# Armalite AR-10



## kdog70 (Sep 1, 2008)

There is an Armalite AR-10 for sale that i want to buy the owner says make an offer

Gun
leopuld Mark four CQT scope 
300 rounds of ammo (possible ball)
bipod
lockable case

how much should i offer.


----------



## Cleankill47 (Jan 19, 2006)

I think he'll be looking for about $1500-$1800 with that setup, minimum....

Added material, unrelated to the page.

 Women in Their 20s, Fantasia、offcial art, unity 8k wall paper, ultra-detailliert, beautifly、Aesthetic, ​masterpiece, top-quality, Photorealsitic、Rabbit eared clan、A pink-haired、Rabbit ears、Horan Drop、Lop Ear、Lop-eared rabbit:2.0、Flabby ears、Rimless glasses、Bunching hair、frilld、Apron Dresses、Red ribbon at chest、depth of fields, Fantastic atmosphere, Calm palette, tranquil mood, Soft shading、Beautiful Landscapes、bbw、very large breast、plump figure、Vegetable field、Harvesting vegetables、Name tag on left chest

Ask him a range of prices.... Who knows, he might let it go for $500, but I doubt it....

:sniper:


----------



## kdog70 (Sep 1, 2008)

I got it!!!

finally took it out shooting. started at 50 yards and put 5 shots under a quarter. tried again and put a flier out but other 4 real tight went to 100 and all 5 shots were touching great shooting for military ammo and ****ty conditions.


----------



## Starky (Mar 15, 2006)

How much did you get it for. Congrats on a great gun.


----------



## kdog70 (Sep 1, 2008)

I got it cheap..........for a ball park i paid sub 1000 for it all. Took it to the range and 5 shots groups i can get all bullets to touch out to 100 with FMJ ammo.


----------



## JeffinPA (Feb 17, 2008)

Shoot me a PM when you get tired of it


----------